Prior to this pause, education debt repayments totaled about $400 per month for the average person, and the lift of this burden over the past two years helped people to realize goals and priorities they had put off indefinitely. The Washington Post interviewed a handfull of Black college-educated women in 2022 to understand what the student loan repayment pause meant for them, and the interviewees explained that they have been able to save and invest more, open up retirement accounts, catch up on other bills or even purchase homes.
Now, the thought of having to restart repayments again is bringing stress back into the lives of many borrowers.
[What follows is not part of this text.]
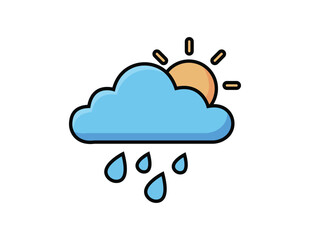 Stylized illustration of a rainy cloud with a sun peeking through isolated on white background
Lisa Jackson from Odenton, MD, one of the women interviewed in the Washington Post article, was able to use the extra money to pay down tax debt and purchase flights to check on her elderly parents. “I rejoiced, yet the debt is still looming in the background, like a monster that’s being kept at bay for now,” Jackson said regarding the impending payments.
Canceling Student Loans Would Narrow the Racial Wealth Gap
A 2019 study found that canceling $50,000 of federal student loans per individual would eliminate all student loan debt for 93% of Black low-income households that hold student debt. This would effectively serve to narrow the racial wealth gap. A Brookings Research study found that the net worth of white family households in the U.S. is ten times greater than Black family households, and that is largely attributed to the disproportionate amount of debt that Black graduates take on. A 2018 study published in the American Sociological Association’s journal Sociology of Race and Ethnicity found that young Black adults hold “85% more education debt than their white counterparts — and that disparity compounds by 7% each year after the borrowers leave school, because African-Americans face unique repayment challenges.”
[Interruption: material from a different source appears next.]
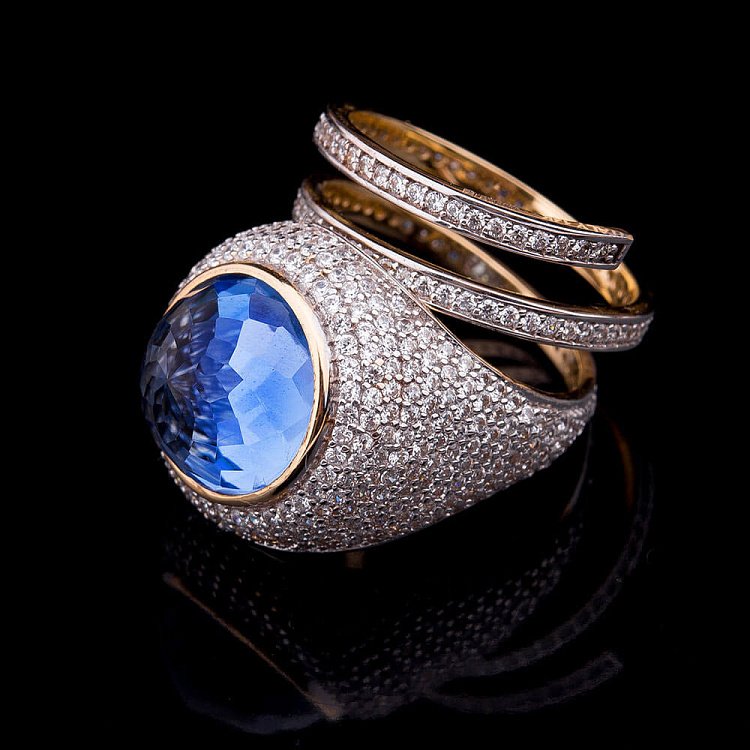 Ексклюзивна каблучка з фіанітами к03874 від ювелірного магазину Онікс - 1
Robert F. Smith, the Founder, Chairman and CEO of Vista Equity Partners, is investing in solutions to create equity in education and on ramps to a better future in the American workplace. In 2019, he made headlines for paying off the student loan debt of Morehouse College’s graduating class so they could focus on investing in their future and paying the gift forward within their communities. Smith also helped launch the nonprofit Student Freedom Initiative in 2020, which aims to help free students from debt while creating an infrastructure of opportunity from school to internship to professional career.
Other ways Smith and a coalition of businesses are helping to close the racial wealth gap in the U.S. are outlined in the Southern Communities Initiative, which is targeting inequity in healthcare, housing and banking as well as education and technology.